TASK PROMPT:
Take the lines in the listing below from the line with "Dott.ssa Barbara Facchetti" up to and including the line with "11277 Emerald Pine, Las Vegas, NV 89138" and set them down exactly, skipping pictures and adding nothing.

INPUT FOR THIS TASK:
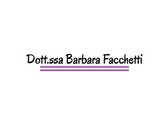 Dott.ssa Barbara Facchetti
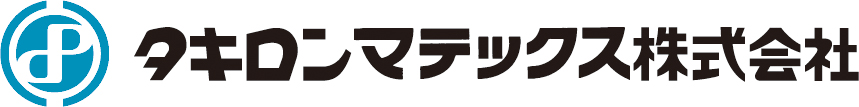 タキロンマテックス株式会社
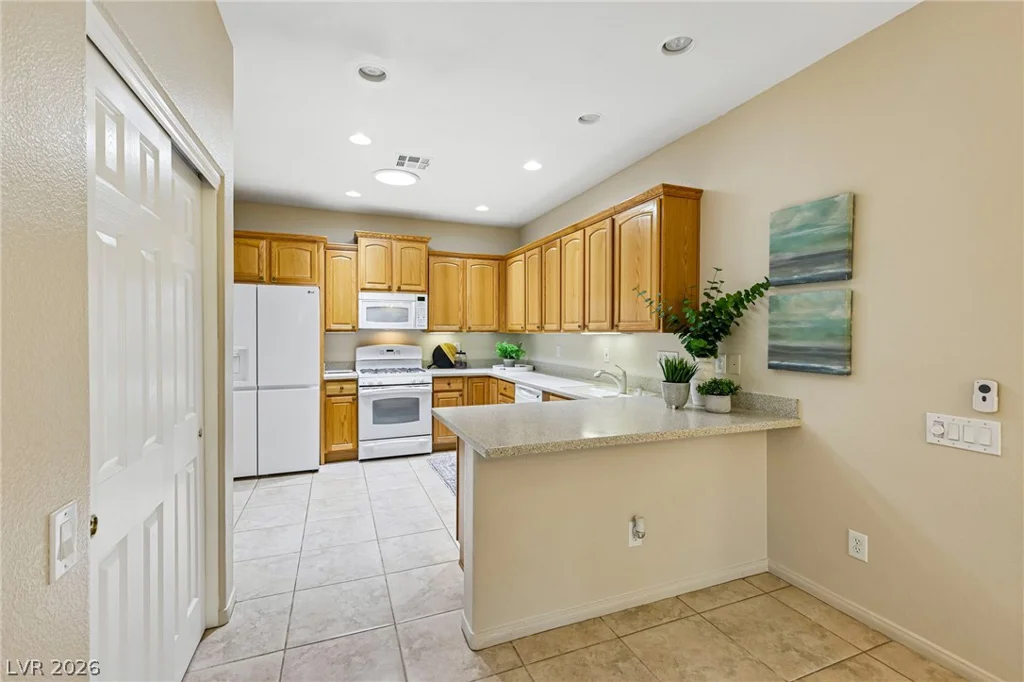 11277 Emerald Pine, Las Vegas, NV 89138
--
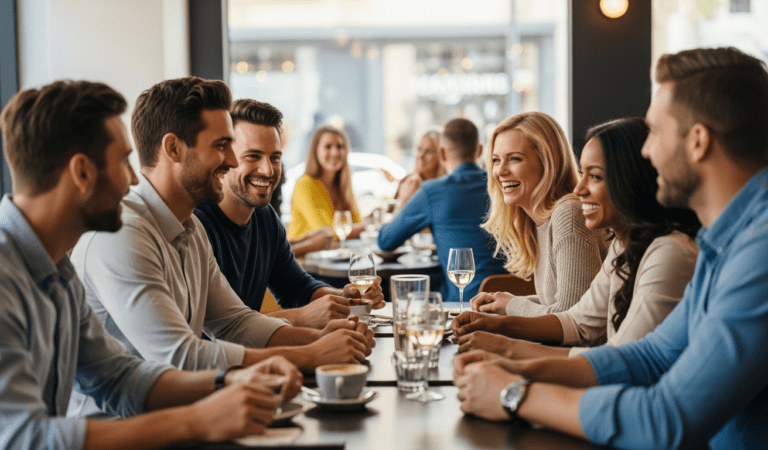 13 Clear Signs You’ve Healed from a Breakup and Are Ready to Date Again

SOLUTION TO THE EXERCISE:
 Dott.ssa Barbara Facchetti
 タキロンマテックス株式会社
 11277 Emerald Pine, Las Vegas, NV 89138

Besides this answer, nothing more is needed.